The artist died 15 years ago, aged 88, leaving a ‘prodigious artistic legacy’ – but even now the division of his estate has not been finally settled. The obstacle in the way has been the ‘long-running dispute concerning the bulk of Mr Chadwick’s works’, Judge Richard Spearman QC said.
His daughter, Sophie Chadwick, 58, claimed the bulk of her father’s works and copyrights formed part of his estate. They should be split equally between his four children, giving her a quarter interest in a collection worth millions, she claimed.
But on the other side of the estate battle stood Mr Chadwick’s widow and Sophie’s step-mother, Eva Chadwick. She controls Lypiatt Studios Ltd – named after the artist’s Gloucestershire home – which was set up in 1973 to market his works.
Eva owns 52 per cent of the company and is a director, as are Sophie’s sister, Sarah Marchant, 60, and her half-brother, Daniel, 49. The artist’s first son, Simon, died aged 75 earlier this year.
Under the artist’s will, Eva Chadwick was left half of Lypiatt Park outright, the other half being placed in trust to produce a life-long income for her. He also handed her two crucial shares in the company, giving her a controlling stake.
The four children were left with minority shareholdings of 12 per cent each, and all his personal possessions were left in trust for them. But the will made ‘no mention’ of Mr Chadwick’s copyrights and tangible artworks, said the judge.
Sophie claimed they were nevertheless owned by him when he died, forming part of his personal legacy. Insisting that they were not tied up with the company, she argued that they should be held on trust for her and the other children.
But Judge Spearman ruled squarely in favour of the company, effectively giving her step-mother a controlling say over what happens to Mr Chadwick’s collection.
There was ‘ample evidence’ that Mr Chadwick wished to assign copyright in his works to the company, he ruled. And he also backed the company’s claim to ownership of the tangible artworks.
Thrice-married Mr Chadwick was in effect an ’employee’ of the company, said the judge, and was ‘properly regarded as part of the company’.

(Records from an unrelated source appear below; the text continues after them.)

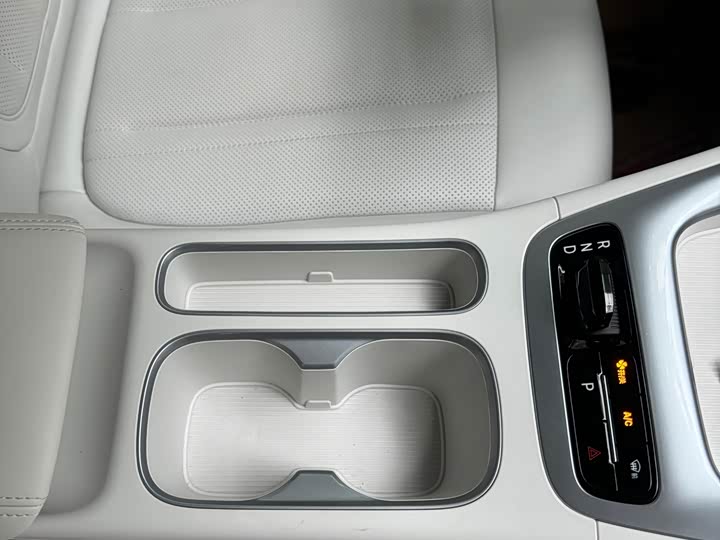 Фото 14 - Geely Galaxy Geome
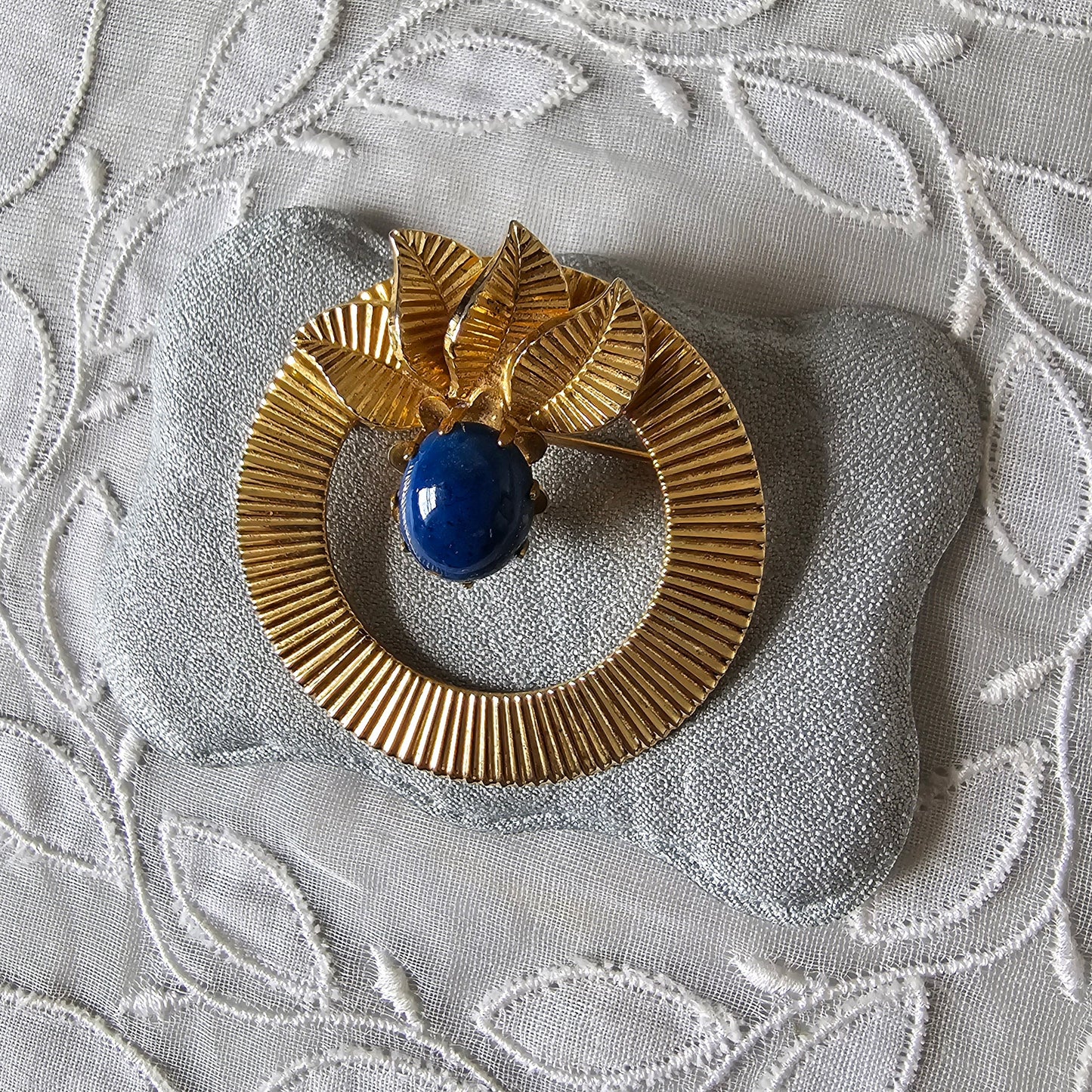 Brooch - Unsigned Jewelcraft Lapis Lazuli Leaf Brooch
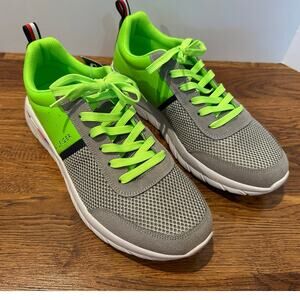 Tommy Hilfiger Numly Striped Jogger Sneakers Lime Gray Men’s Size 12 NWT Sporty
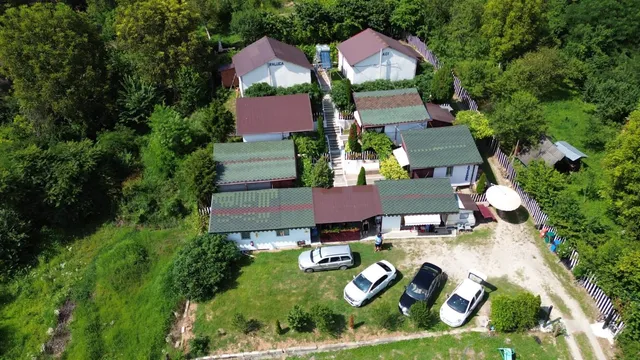 Cazare Adi & Raluca Ocnele Mari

A victory for Sophie ‘might have had some advantageous financial consequences’ for her – but ‘that would not be without its price’. It would inevitably have led to a punishing inheritance tax bill and that could have had the ‘the effect of dispersing the artist’s works’, he added.

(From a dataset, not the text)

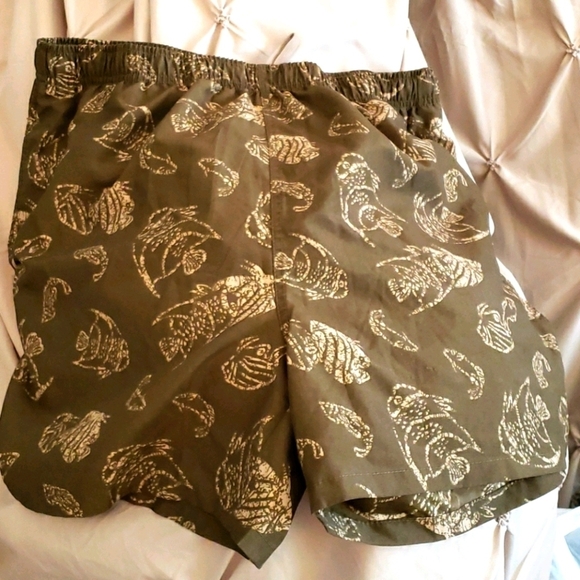 Covington Trunks Khaki Green w/Tan Tropical Fish - Picture 1 of 5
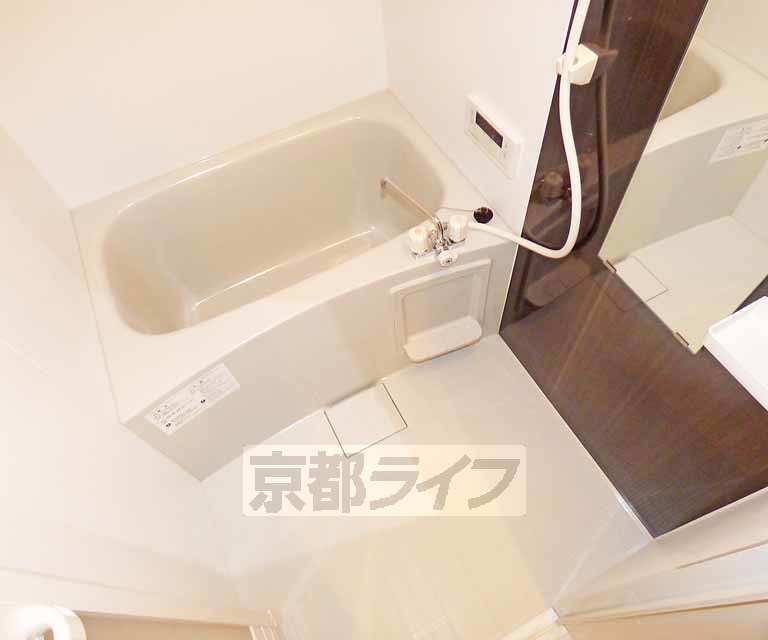 バス・シャワールーム　清潔感のあるバスルーム。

‘It seems clear…that this would have been contrary to Mr Chadwick’s wishes in his life time.’
Lynn Chadwick launched a glittering artistic career when when he beat Alberto Giacometti to scoop first prize at Venice’s Biennale Festival in 1956.
Over the next four decades the former World War Two pilot turned out thousands of exquisite mobiles and sculptures, many of them on display at Lypiatt Park.
His works attracted top prices in global salesrooms, with his sculpture, Couple on Seat, selling for £1.4m in 2006. His artistic output continued until he was 82.
Eva met Mr Chadwick in 1964, giving birth to Daniel in 1965. She played a key role in organising the collection and marketing his works during nearly 40 years of marriage.
As people live longer and also become increasingly likely to divorce, remarry and start second or third families, the rights of a surviving spouse often conflict with the interests of their dead partner’s children. It’s particularly true when that spouse is similar in age to the stepchildren, who can see an inheritance vanishing into a distant future or being spent in the meantime.
It is important that if you are part of a blended family, you have considered options and solutions to prevent future disagreements. One good option is to utilise a testamentary discretionary trust, so that you have better control over how your assets will be divided. A testamentary discretionary trust is a type of trust created under a will, comes into existence only upon the administration of the deceased estate.
Another option is to create mutual wills which allow for your assets to be divided equally between all the children in your blended family. Mutual wills mirror one another or in other words are identical wills. In the absence of Mutual Wills nothing will stop the surviving spouse from changing their will and cutting their spouse’s children out of their will or making sure that only their own children are provided for.